__What this task involves__.
Please set down exactly the lines from the one containing "Чехол для iPhone" through the last line of the records below, both included, with no pictures.

++++++

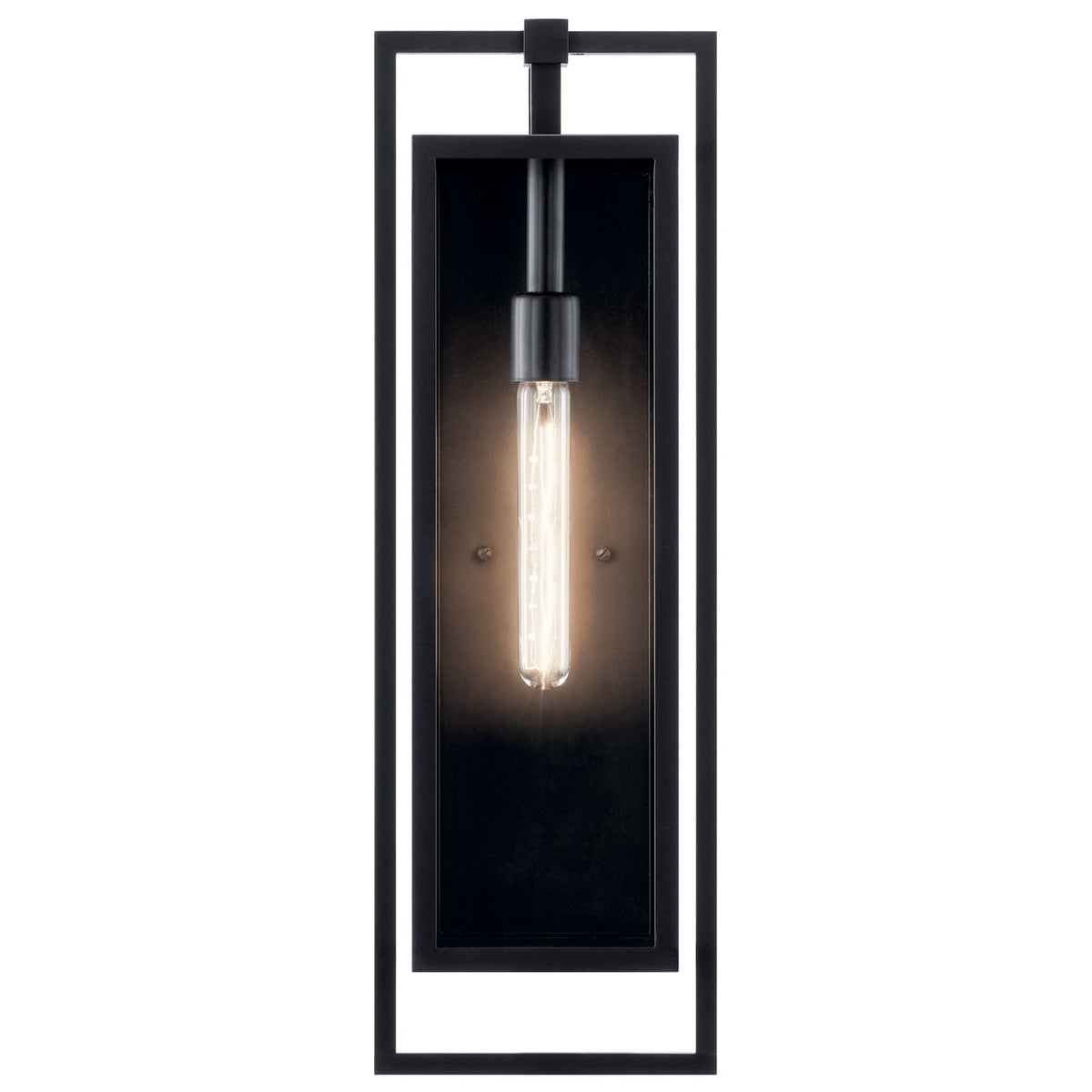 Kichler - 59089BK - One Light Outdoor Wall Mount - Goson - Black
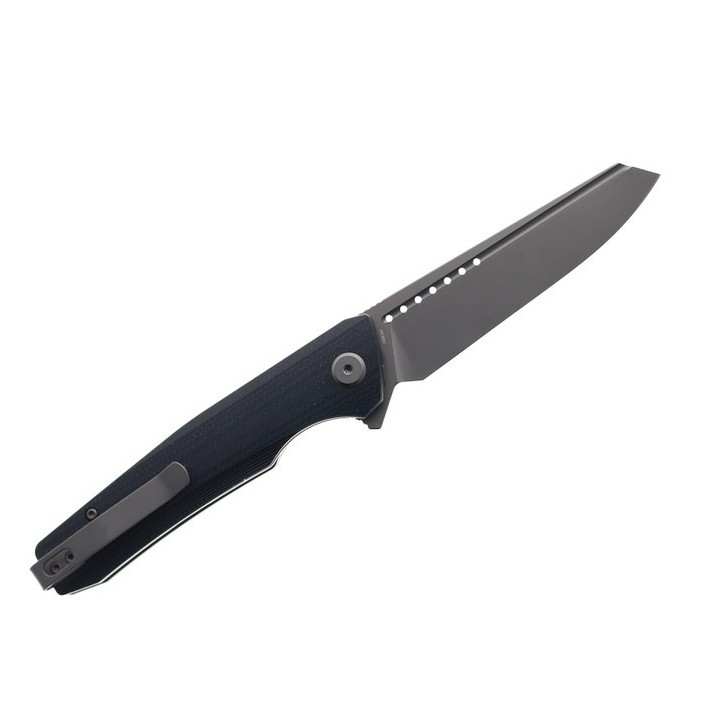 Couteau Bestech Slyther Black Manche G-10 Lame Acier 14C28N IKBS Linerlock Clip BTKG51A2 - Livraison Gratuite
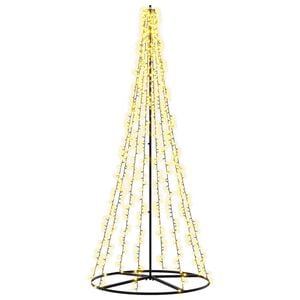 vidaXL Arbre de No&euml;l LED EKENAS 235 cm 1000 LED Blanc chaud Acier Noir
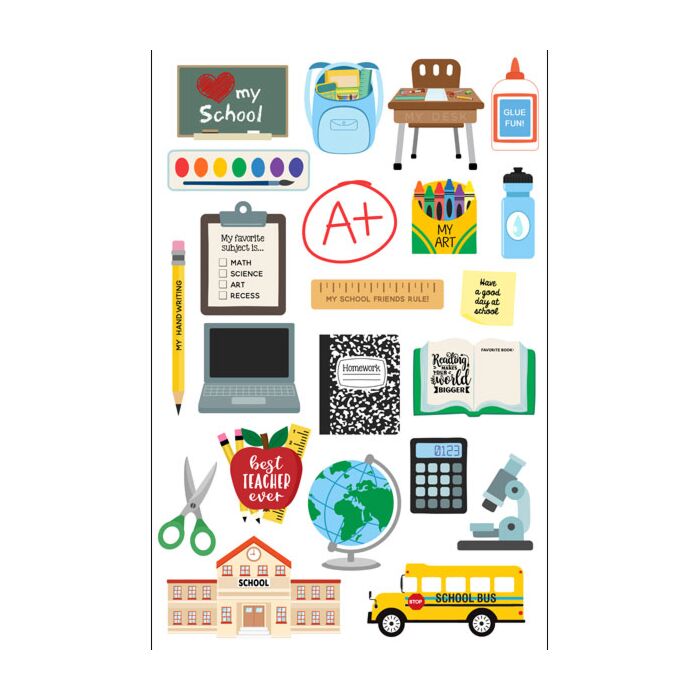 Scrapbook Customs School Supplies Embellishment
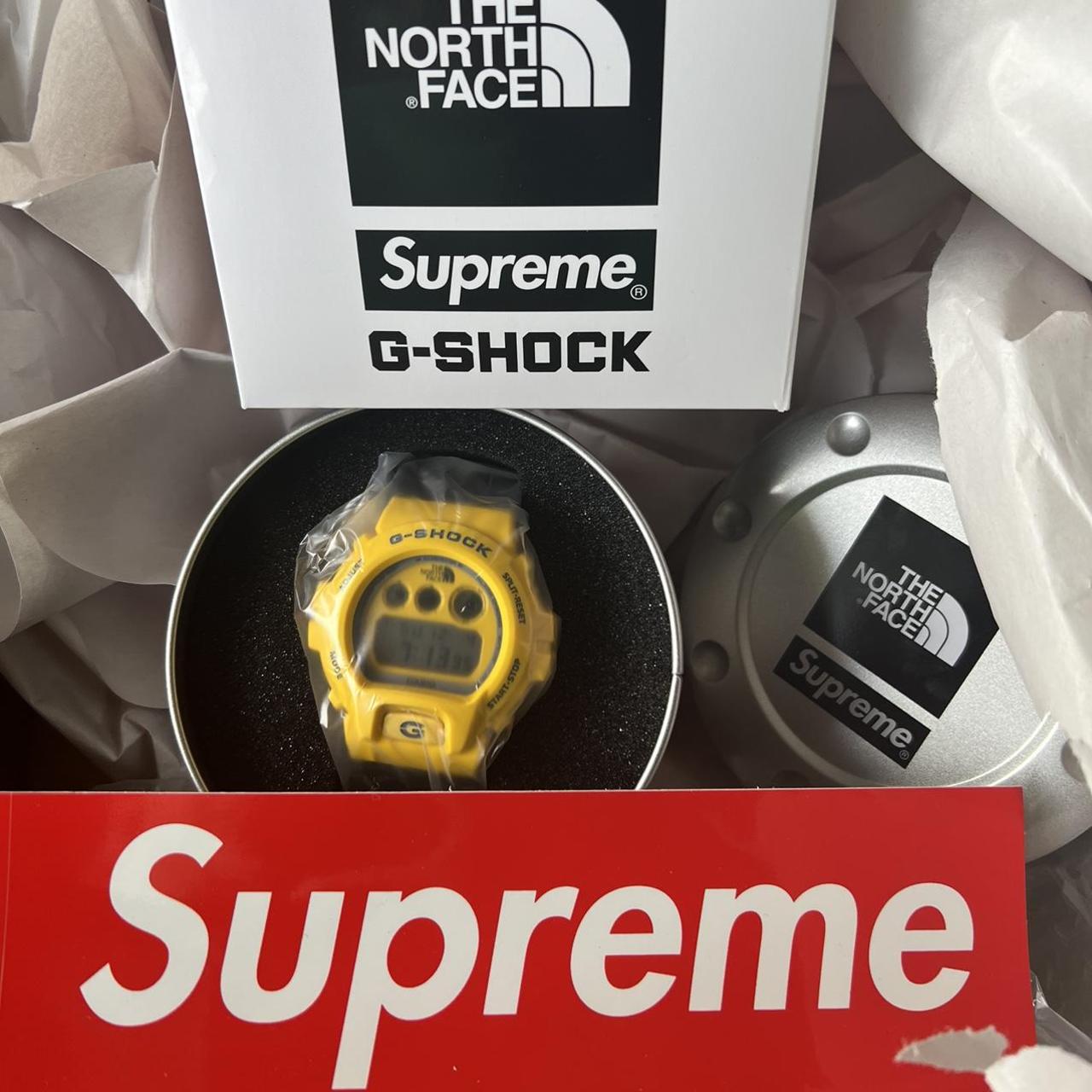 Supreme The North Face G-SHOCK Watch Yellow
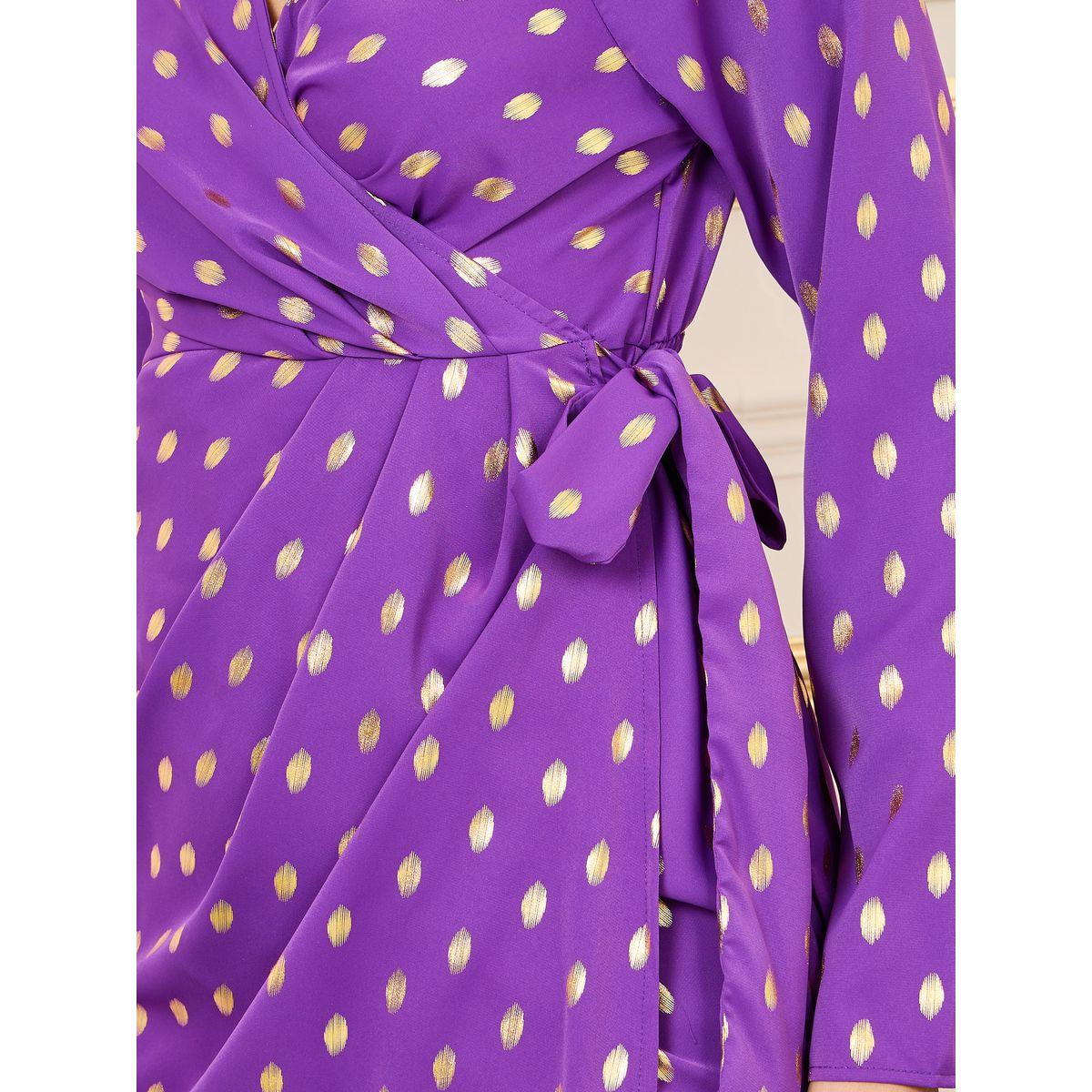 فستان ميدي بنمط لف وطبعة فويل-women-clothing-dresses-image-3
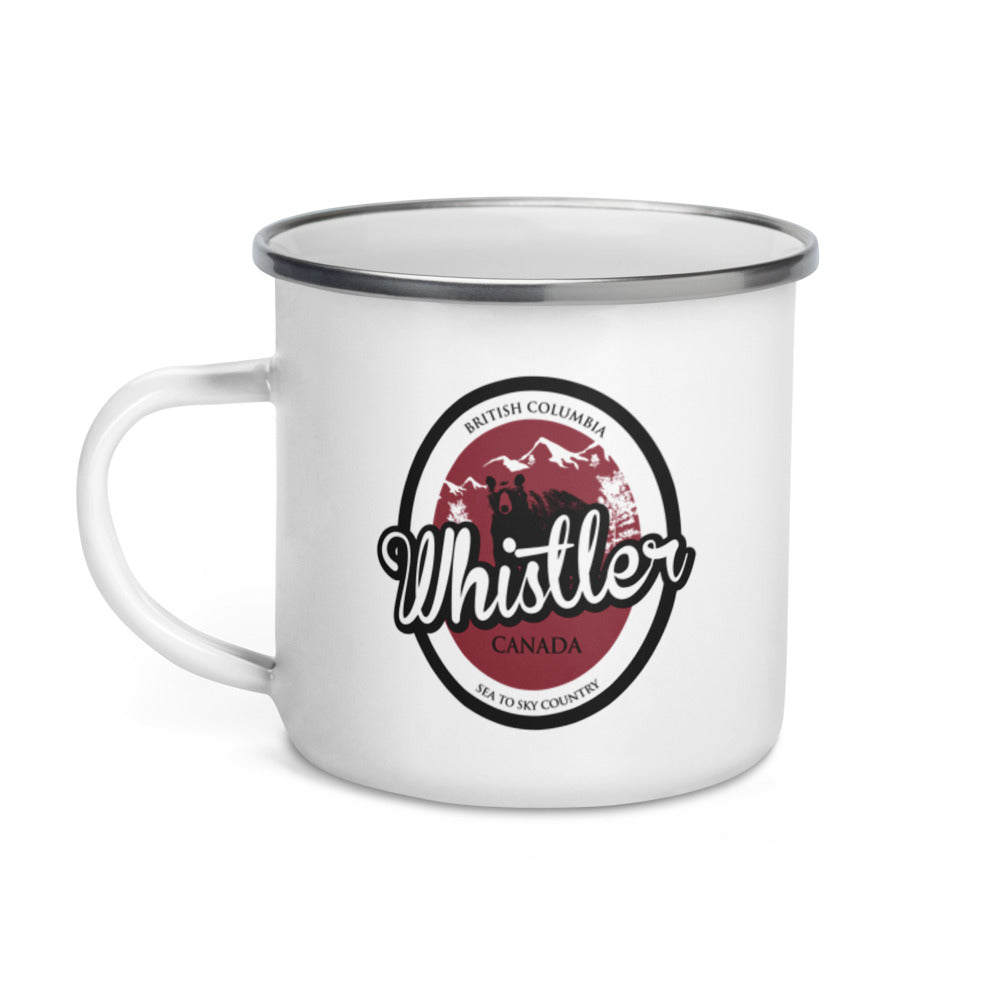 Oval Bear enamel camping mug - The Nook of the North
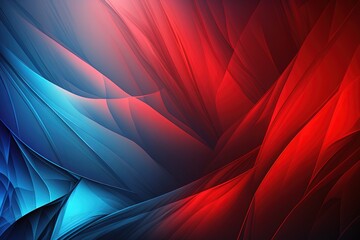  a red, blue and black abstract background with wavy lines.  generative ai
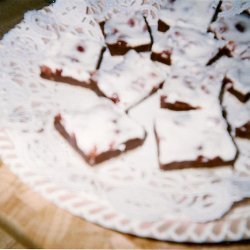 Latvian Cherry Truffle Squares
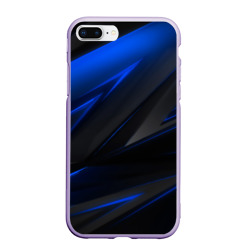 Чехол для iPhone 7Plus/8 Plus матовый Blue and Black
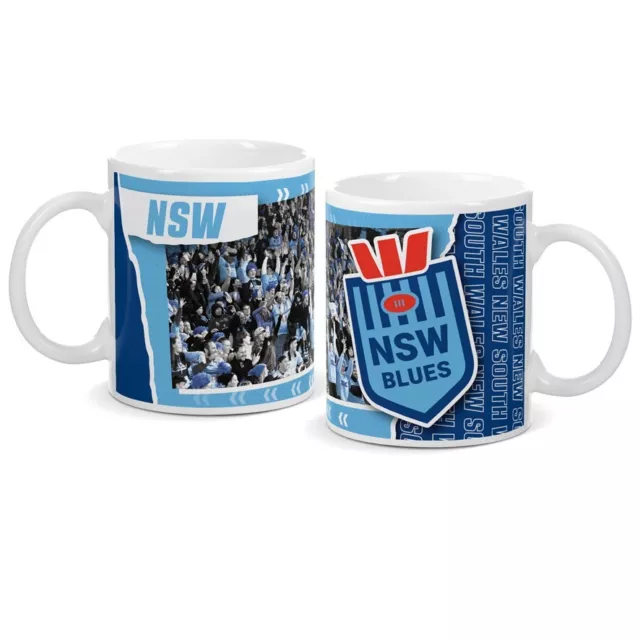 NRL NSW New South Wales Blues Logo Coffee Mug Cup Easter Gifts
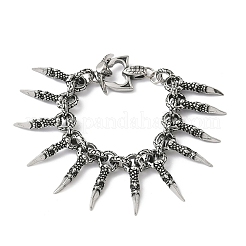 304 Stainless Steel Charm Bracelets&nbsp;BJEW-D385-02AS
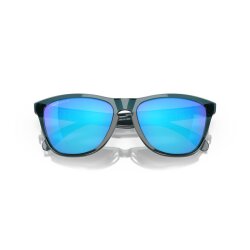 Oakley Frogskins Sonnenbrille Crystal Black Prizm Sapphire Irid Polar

++++++

__Output for this exercise__.
 Чехол для iPhone 7Plus/8 Plus матовый Blue and Black
 NRL NSW New South Wales Blues Logo Coffee Mug Cup Easter Gifts
 304 Stainless Steel Charm Bracelets&nbsp;BJEW-D385-02AS
 Oakley Frogskins Sonnenbrille Crystal Black Prizm Sapphire Irid Polar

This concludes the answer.